MATERIAL PROVIDED -
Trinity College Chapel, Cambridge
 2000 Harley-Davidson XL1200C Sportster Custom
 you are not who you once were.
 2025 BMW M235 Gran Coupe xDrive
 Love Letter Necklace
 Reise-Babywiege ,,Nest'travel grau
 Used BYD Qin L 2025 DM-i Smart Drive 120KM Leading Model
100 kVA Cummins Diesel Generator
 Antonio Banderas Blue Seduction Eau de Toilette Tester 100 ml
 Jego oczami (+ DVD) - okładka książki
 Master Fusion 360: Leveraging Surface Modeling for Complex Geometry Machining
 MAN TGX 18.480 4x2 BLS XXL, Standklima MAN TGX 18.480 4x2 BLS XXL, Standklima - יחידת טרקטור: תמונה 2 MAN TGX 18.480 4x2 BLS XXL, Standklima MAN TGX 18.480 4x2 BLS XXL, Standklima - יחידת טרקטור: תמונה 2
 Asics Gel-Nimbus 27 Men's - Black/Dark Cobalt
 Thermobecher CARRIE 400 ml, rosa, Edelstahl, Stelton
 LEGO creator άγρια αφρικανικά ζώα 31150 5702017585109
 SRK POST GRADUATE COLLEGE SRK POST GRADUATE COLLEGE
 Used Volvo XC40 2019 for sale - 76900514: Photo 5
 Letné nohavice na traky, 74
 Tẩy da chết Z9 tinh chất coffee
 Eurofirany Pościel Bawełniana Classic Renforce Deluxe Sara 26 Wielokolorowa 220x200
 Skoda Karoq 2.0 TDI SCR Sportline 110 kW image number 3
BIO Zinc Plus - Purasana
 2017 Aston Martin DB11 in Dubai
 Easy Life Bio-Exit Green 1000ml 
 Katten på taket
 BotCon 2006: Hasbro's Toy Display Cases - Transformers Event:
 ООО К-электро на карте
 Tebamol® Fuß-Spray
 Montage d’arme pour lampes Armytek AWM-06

AIM OF THE EXERCISE - Locate the word "Used" in the records and collect each line it appears in.

OUTPUT FOR THIS EXERCISE -
 Used BYD Qin L 2025 DM-i Smart Drive 120KM Leading Model
 Used Volvo XC40 2019 for sale - 76900514: Photo 5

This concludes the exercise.